Despite the breakdown of talks, both firms have confirmed that they will continue working together on electric vehicles (EVs), a segment where competition from firms like BYD has intensified.

Disagreements Over Nissan’s Role

The collapse of the deal was not entirely unexpected, according to automotive analyst Karl Brauer, who noted that many auto industry mergers have failed due to differences in corporate culture, strategic priorities, and leadership structures.

A key sticking point in the negotiations was Nissan’s role in the new entity. While Honda entered the talks from a position of relative financial strength, Nissan was seeking a merger as part of a broader turnaround strategy following years of declining sales and leadership turmoil.

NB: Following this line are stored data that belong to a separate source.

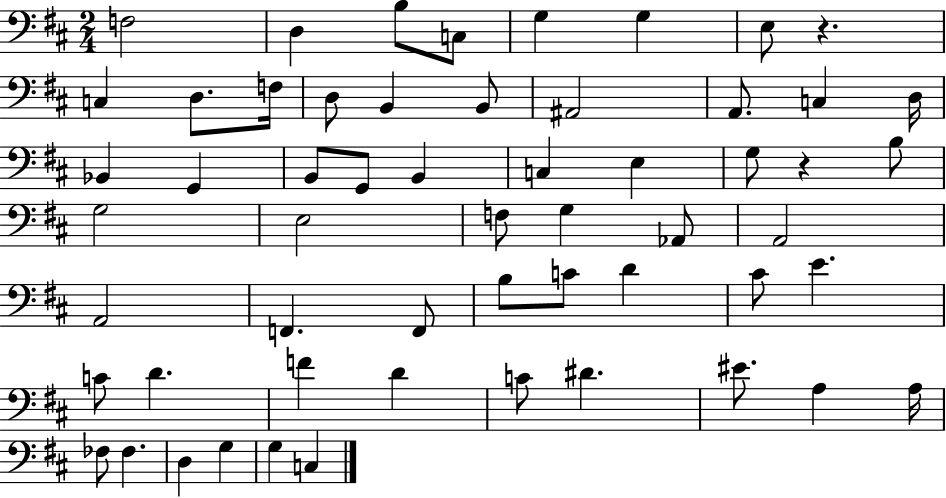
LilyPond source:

{
  \clef bass
  \numericTimeSignature
  \time 2/4
  \key d \major
  f2 | d4 b8 c8 | g4 g4 | e8 r4. | \break c4 d8. f16 | d8 b,4 b,8 | ais,2 | a,8. c4 d16 | \break bes,4 g,4 | b,8 g,8 b,4 | c4 e4 | g8 r4 b8 | \break g2 | e2 | f8 g4 aes,8 | a,2 | \break a,2 | f,4. f,8 | b8 c'8 d'4 | cis'8 e'4. | \break c'8 d'4. | f'4 d'4 | c'8 dis'4. | eis'8. a4 a16 | \break fes8 fes4. | d4 g4 | g4 c4 | \bar "|."
} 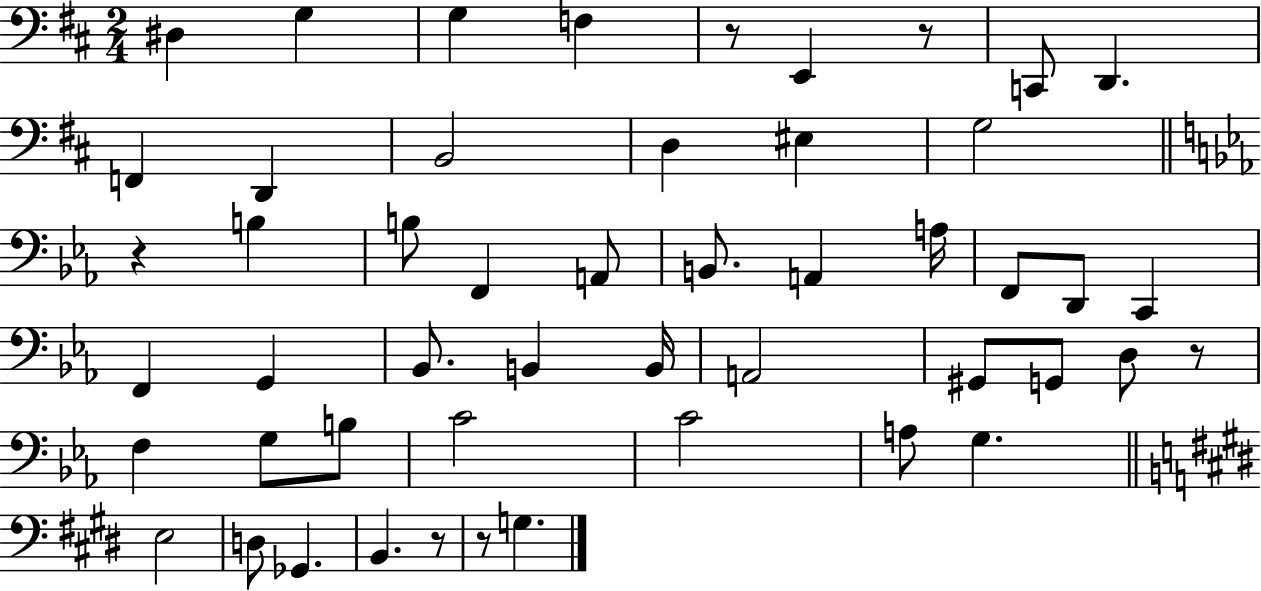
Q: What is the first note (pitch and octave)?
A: D#3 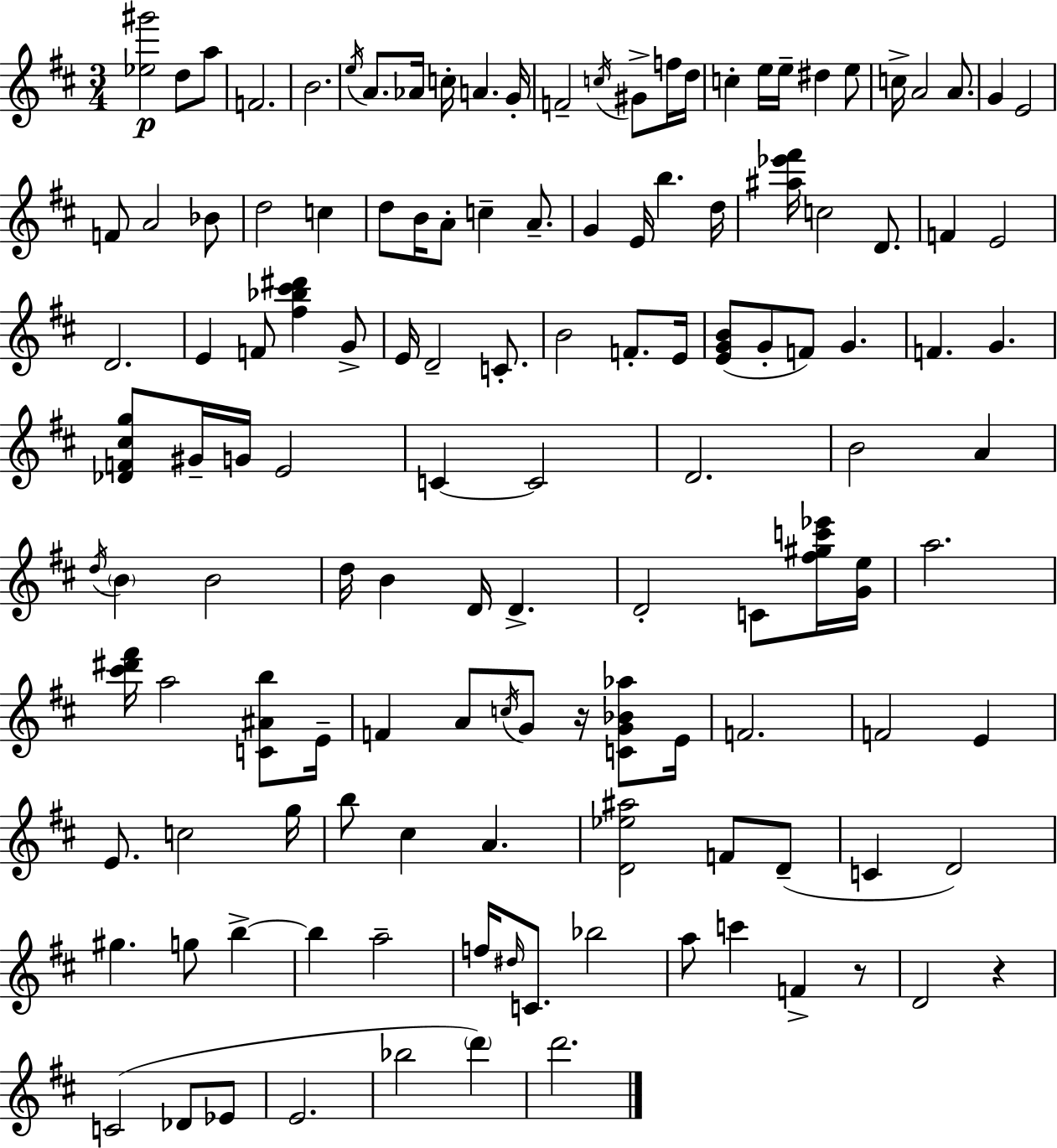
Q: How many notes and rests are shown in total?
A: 130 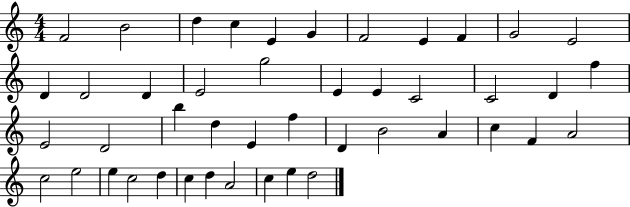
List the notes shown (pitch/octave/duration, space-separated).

F4/h B4/h D5/q C5/q E4/q G4/q F4/h E4/q F4/q G4/h E4/h D4/q D4/h D4/q E4/h G5/h E4/q E4/q C4/h C4/h D4/q F5/q E4/h D4/h B5/q D5/q E4/q F5/q D4/q B4/h A4/q C5/q F4/q A4/h C5/h E5/h E5/q C5/h D5/q C5/q D5/q A4/h C5/q E5/q D5/h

Toshihiro Mibe, Honda’s chief executive, had previously stated that any merger would be “based on the assumption that Nissan completes its turnaround action.” However, the companies ultimately disagreed on whether Nissan would be an equal partner or a subsidiary, leading to the collapse of the negotiations.

Jesper Koll, an analyst at Monex Group, said that the Japanese corporate culture strongly favors mergers of equals, making it difficult for one company to take clear leadership. He also noted that Honda risked being burdened with Nissan’s ongoing struggles, adding:
“You’re taking a potentially great company and taxing it with having to bail out an ugly duckling.”

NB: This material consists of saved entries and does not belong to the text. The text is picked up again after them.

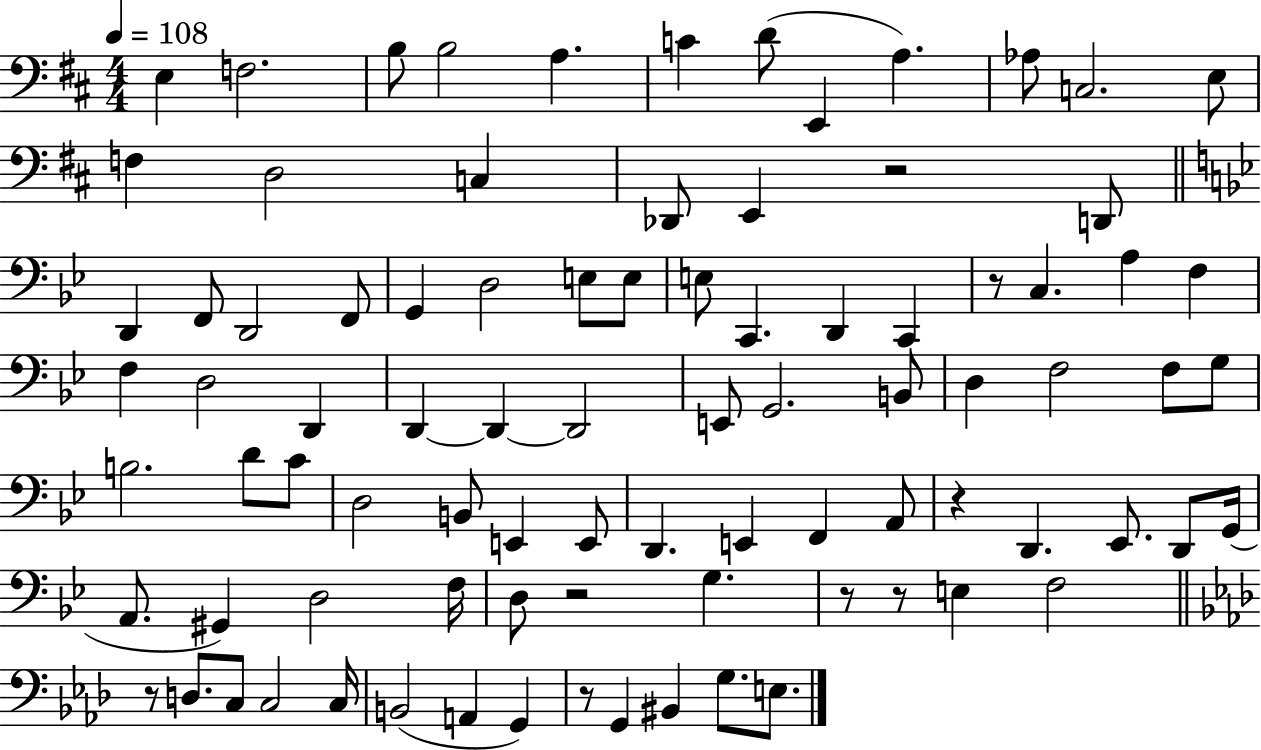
{
  \clef bass
  \numericTimeSignature
  \time 4/4
  \key d \major
  \tempo 4 = 108
  \repeat volta 2 { e4 f2. | b8 b2 a4. | c'4 d'8( e,4 a4.) | aes8 c2. e8 | \break f4 d2 c4 | des,8 e,4 r2 d,8 | \bar "||" \break \key g \minor d,4 f,8 d,2 f,8 | g,4 d2 e8 e8 | e8 c,4. d,4 c,4 | r8 c4. a4 f4 | \break f4 d2 d,4 | d,4~~ d,4~~ d,2 | e,8 g,2. b,8 | d4 f2 f8 g8 | \break b2. d'8 c'8 | d2 b,8 e,4 e,8 | d,4. e,4 f,4 a,8 | r4 d,4. ees,8. d,8 g,16( | \break a,8. gis,4) d2 f16 | d8 r2 g4. | r8 r8 e4 f2 | \bar "||" \break \key aes \major r8 d8. c8 c2 c16 | b,2( a,4 g,4) | r8 g,4 bis,4 g8. e8. | } \bar "|."
} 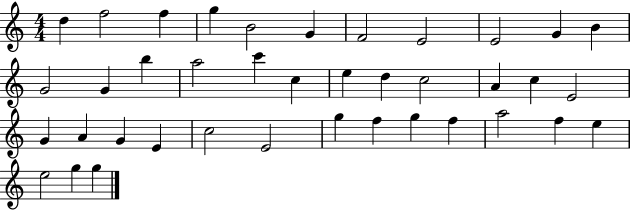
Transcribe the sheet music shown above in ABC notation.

X:1
T:Untitled
M:4/4
L:1/4
K:C
d f2 f g B2 G F2 E2 E2 G B G2 G b a2 c' c e d c2 A c E2 G A G E c2 E2 g f g f a2 f e e2 g g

Nissan’s Leadership Crisis and Financial Struggles

Nissan has been battling a prolonged crisis since the 2018 arrest of former CEO Carlos Ghosn on financial misconduct charges. Ghosn, who denies the allegations, fled Japan in 2019 and remains a fugitive in Lebanon.

In the wake of the scandal, Nissan has struggled to regain momentum. The company announced a cost-cutting plan last year, including 9,000 job cuts worldwide and a pay reduction for its CEO.

With the Honda merger now off the table, Nissan faces an uncertain future as it continues to navigate financial pressures and declining market share.

Foxconn and Renault Eye Possible Moves

While the Honda deal has collapsed, potential alternatives are emerging. Taiwanese tech giant Foxconn, best known for producing Apple’s iPhones, has expressed interest in buying Nissan shares to explore a strategic partnership in EV production.

At the same time, Renault, which holds a 36% stake in Nissan, reacted strongly to the failed merger discussions, calling the proposed terms “unacceptable.” Renault has played a crucial role in Nissan’s past, having rescued the company from near bankruptcy in 1999.

The Road Ahead

As the global auto industry shifts toward electric vehicles, Honda and Nissan both face growing pressure to keep pace with Chinese manufacturers and navigate potential U.S. tariffs.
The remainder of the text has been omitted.